1899 in Music

Music reviews I’ve written for music published in 1899.


1. Frederick Delius: Paris: the Song of a Great City (9/10)

This has so much more life to it than so much of Delius’ work. Honestly, you’d wonder if it’s by the same composer of some of his super lush idylls that just wash over you with “isn’t this pleasant.” Maybe my favourite thing by him.


2. Edward Elgar: Enigma Variations (7/10)

The so-called “Enigma Variations” are disappointing if only because one thinks that maybe they will be weird (or at least mysterious). They are not weird. They are tuneful and crowd-pleasing.


3. Erik Satie: Jack in the Box (7/10)

Only Satie would write a 7 minute “ballet.”  Jauntier than most of his music from this time. Not his best work in my mind, though you can see why he was attracted to ragtime.


4. Gustav Holst: “Walt Whitman” Op. 7 (7/10)

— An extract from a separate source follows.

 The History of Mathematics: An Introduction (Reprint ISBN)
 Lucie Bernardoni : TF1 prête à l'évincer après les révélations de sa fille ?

“Walt Whitman” is one of those overtures without a main piece. It’s jaunty but, not knowing about Whitman the man or his writing, I have no idea whether or not that is appropriate. The music itself is pretty typical early Holst – late Romantic music that doesn’t really challenge but pleases the ear and, at times, appears to flirt with classicism. It’s fine.


5. Maurice Ravel: “Pavane pour une infante defunte” (7/10)

I would prefer to hear the piano version of “Pavane pour une Infante d’efunte” but this is exactly the type of music I think of when I think of early Ravel (excepting “Bolero” of course.)